Certes en matière d'éthique, humour et esprit resteront à jamais insuffisants. Peut-être bien, cependant il est beaucoup d'espèces d'humour. Il y a notamment, hélas, l'humour douteux... C'est qu'il ne faudrait pas confondre l'humour avec la plaisanterie : l'humour est par définition une sorte de décalage, un jeu sur l'impropriété des mots, une pratique hardie de la métaphore, bref le vrai humour est poétique. C'est d'ailleurs par ce biais qu'une éthique de la parole se conforte d'une esthétique de l'écriture. Le poème, fût-il récité oralement, se conçoit par écrit, et c'est ainsi également que l'humour et l'esprit se travaillent. Quoi qu'il en soit, l'esprit s'avère plus large que l'humour en ceci qu'en produisant du sens, il accorde effectivement la recherche poétique de l'humour avec l'exigence de vérité, c'est-dire rigueur et exactitude (esprit de géométrie), et c'est justement dans ce trait d'union que se tient l'esprit.

 

Conclusion et ouverture : la valeur de l’Ecriture

L’écriture apparaît tantôt comme une fixation trop rigide du langage oral, dont il faut se méfier si l’on veut conserver au langage sa fluidité et son pouvoir indéfiniment créateur ; tantôt comme un moyen précieux de donner au langage une stabilité qu’il ne possède pas naturellement, d’en étende la portée dans l’espace, d’en fixer dans le temps la durée. — On trouve chez Platon le mythe suivant. Le démon Theuth vantait les mérites de l’écriture, qu’il venait d’inventer, au roi égyptien Thamous : “L’enseignement de l’é­criture, ô roi, dit Theuth, accroîtra la science et la mémoire des égyptiens ; car j’ai trouvé là le remède de l’oubli et de l’igno­rance”. Mais Thamous contestait cela : “(...) elle produira l’oubli dans les âmes en leur faisant négliger la mémoire: confiants dans l’écriture, c’est du dehors, par des caractères étrangers, et non plus du dedans, du fond d’eux-mêmes qu’ils chercheront à susciter leurs souvenirs; tu as trouvé le moyen, non pas de retenir, mais de renouveler le souvenir, et ce que tu vas procurer à tes disciples c’est la présomption qu’ils ont la science, non la science elle-même; car quand ils auront beaucoup lu sans ap­prendre, ils se croiront très savants et ils ne seront le plus souvent que des ignorants de commerce incommode parce qu’ils se croiront savants sans l’être.” (Platon)

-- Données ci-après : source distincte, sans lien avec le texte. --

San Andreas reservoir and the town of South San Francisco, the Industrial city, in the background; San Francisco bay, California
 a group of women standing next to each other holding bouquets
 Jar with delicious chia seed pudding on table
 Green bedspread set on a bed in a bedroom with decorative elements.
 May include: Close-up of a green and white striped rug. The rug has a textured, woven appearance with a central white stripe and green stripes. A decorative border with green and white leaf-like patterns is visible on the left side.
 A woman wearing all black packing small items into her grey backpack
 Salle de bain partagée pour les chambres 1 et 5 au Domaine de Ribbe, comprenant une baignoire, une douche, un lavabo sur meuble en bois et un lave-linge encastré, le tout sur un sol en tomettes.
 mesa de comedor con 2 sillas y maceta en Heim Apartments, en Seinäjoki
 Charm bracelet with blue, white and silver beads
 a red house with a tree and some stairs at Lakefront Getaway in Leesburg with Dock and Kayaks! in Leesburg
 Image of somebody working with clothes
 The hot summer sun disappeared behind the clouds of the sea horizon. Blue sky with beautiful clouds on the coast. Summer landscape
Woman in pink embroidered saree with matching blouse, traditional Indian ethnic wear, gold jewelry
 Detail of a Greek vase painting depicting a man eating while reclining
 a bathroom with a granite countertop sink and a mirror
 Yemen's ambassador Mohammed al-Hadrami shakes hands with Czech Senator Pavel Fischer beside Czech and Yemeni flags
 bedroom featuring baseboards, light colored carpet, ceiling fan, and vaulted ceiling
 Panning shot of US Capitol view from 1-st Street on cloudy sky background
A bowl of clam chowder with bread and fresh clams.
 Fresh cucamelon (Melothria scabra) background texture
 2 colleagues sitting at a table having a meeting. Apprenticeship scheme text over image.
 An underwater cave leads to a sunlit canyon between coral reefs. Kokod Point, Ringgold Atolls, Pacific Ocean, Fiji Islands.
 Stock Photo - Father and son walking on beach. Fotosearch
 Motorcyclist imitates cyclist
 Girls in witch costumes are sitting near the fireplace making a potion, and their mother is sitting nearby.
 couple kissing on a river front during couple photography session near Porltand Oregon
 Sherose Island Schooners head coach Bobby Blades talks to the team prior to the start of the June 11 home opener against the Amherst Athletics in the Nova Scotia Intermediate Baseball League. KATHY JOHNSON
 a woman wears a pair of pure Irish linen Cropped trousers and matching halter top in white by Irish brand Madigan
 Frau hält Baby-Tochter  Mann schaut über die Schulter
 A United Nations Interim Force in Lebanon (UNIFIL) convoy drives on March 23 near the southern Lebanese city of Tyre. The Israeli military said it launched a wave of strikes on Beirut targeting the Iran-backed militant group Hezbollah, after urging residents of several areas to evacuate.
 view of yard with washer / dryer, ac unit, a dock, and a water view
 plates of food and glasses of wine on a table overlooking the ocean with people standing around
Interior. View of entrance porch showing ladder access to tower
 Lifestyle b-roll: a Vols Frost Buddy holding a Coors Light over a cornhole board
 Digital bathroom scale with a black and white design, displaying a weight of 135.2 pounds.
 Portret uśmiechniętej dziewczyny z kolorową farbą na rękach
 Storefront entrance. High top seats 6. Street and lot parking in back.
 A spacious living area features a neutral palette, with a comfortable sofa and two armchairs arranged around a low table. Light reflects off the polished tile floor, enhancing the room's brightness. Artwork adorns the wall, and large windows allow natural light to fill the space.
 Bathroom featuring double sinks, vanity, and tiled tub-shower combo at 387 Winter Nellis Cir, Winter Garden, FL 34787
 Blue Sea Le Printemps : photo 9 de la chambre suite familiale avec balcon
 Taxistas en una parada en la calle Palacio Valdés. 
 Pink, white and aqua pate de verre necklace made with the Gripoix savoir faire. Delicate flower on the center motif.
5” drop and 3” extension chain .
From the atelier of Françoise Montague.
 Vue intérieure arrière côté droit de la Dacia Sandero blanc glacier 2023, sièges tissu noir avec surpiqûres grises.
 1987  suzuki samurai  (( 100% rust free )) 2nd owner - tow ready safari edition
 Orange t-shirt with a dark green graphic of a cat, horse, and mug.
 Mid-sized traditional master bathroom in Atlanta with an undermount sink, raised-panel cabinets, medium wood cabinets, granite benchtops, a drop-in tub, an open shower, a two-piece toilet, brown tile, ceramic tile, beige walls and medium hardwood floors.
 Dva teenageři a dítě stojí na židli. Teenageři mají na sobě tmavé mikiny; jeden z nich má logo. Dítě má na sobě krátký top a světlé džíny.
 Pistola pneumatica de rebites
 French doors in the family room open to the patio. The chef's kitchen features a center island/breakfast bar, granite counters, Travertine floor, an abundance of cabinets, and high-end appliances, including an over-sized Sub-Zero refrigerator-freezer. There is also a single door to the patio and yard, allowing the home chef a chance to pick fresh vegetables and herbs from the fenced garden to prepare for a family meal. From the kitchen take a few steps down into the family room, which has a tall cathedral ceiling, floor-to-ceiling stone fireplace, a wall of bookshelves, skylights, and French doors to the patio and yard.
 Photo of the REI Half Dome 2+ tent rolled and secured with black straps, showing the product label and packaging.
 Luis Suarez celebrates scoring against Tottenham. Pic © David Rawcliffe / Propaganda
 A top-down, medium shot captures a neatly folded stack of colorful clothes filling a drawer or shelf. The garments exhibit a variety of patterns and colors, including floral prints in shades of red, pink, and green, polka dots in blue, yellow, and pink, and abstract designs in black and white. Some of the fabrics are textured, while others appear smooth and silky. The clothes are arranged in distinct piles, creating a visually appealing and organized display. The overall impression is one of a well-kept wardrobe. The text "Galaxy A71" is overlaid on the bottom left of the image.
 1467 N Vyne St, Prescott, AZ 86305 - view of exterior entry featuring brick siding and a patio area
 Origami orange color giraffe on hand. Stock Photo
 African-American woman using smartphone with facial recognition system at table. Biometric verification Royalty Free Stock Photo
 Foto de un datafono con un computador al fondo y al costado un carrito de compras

Julia Kristeva relève une autre fonction de l’écriture : celle qui permet à un sujet d’habiter un réel en le parcourant “horizontalement”, en le traversant infiniment, sans pouvoir cependant le dépasser vers un au-delà transcendant. L’écriture dure, se transmet, agit en l’absence des sujets parlants. Elle utilise pour s’y marquer l’espace, en lançant un défi au temps : si la parole se déroule dans la temporalité, le langage avec l’écriture passe à travers le temps en se jouant comme une configuration spatiale. Elle désigne ainsi un type de fonctionnement où le sujet, tout en se différenciant de ce qui l’entoure, et dans la mesure où il marque cet envi­ronnement, ne s’en extrait pas, ne se fabrique pas une dimension idéale (la voix, le souffle) pour y organiser la communication, mais la pratique dans la matière et l’espace même de cette réalité dont il fait partie, tout en s’en différenciant parce qu’il la marque. Acte de différenciation et de participation par rapport au réel, l’écriture est un langage sans au-delà, sans transcendance.”